• [Records from a data source]:

Content starts

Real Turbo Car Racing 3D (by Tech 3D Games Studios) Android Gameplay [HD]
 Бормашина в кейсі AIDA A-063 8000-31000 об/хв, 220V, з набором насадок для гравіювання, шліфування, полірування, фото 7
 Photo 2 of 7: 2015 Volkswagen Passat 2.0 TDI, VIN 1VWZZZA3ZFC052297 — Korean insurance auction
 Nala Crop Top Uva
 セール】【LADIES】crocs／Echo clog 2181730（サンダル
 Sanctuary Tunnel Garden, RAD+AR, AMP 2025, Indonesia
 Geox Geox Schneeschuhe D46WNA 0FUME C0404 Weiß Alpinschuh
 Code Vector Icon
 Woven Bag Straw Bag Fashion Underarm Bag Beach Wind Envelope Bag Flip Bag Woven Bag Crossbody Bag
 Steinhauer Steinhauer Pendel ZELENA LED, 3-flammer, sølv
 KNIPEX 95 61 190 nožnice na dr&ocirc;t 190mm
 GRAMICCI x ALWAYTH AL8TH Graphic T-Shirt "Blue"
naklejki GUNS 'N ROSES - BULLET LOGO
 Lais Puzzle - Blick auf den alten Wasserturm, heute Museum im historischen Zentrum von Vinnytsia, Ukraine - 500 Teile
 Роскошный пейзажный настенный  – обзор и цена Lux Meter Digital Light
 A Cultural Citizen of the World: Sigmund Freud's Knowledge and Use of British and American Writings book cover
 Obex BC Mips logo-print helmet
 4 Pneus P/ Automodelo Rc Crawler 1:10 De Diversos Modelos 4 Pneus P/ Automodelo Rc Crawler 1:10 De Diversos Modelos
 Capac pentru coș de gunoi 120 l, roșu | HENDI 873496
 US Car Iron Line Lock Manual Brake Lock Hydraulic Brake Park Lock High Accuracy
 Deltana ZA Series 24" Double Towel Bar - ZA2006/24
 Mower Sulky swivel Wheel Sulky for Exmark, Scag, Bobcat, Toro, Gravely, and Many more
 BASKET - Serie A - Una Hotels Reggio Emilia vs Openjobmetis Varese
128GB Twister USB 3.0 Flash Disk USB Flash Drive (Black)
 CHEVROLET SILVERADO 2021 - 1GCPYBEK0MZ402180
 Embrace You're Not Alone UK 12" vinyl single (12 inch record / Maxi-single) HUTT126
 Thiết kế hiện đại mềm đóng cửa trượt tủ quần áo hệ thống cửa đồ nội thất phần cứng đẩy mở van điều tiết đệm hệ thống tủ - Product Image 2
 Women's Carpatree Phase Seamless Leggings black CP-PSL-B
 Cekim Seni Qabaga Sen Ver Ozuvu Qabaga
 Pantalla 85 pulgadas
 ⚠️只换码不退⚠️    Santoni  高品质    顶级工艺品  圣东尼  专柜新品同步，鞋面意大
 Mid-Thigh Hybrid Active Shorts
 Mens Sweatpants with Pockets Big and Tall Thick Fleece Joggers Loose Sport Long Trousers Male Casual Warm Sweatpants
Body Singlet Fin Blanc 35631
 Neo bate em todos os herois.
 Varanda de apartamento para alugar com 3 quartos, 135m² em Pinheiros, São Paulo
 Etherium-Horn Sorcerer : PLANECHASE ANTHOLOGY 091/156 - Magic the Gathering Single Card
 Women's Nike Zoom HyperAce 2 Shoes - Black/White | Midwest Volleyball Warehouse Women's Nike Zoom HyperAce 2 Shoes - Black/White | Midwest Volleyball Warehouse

Content ends

• [ACTION ITEM]: Reprint exactly the lines above that start at the one with "Sanctuary Tunnel Garden, RAD+AR, AMP" and end at the one with "naklejki GUNS 'N ROSES - BULLET LOGO", keeping both and adding none.

• [WRITTEN SOLUTION]:
 Sanctuary Tunnel Garden, RAD+AR, AMP 2025, Indonesia
 Geox Geox Schneeschuhe D46WNA 0FUME C0404 Weiß Alpinschuh
 Code Vector Icon
 Woven Bag Straw Bag Fashion Underarm Bag Beach Wind Envelope Bag Flip Bag Woven Bag Crossbody Bag
 Steinhauer Steinhauer Pendel ZELENA LED, 3-flammer, sølv
 KNIPEX 95 61 190 nožnice na dr&ocirc;t 190mm
 GRAMICCI x ALWAYTH AL8TH Graphic T-Shirt "Blue"
naklejki GUNS 'N ROSES - BULLET LOGO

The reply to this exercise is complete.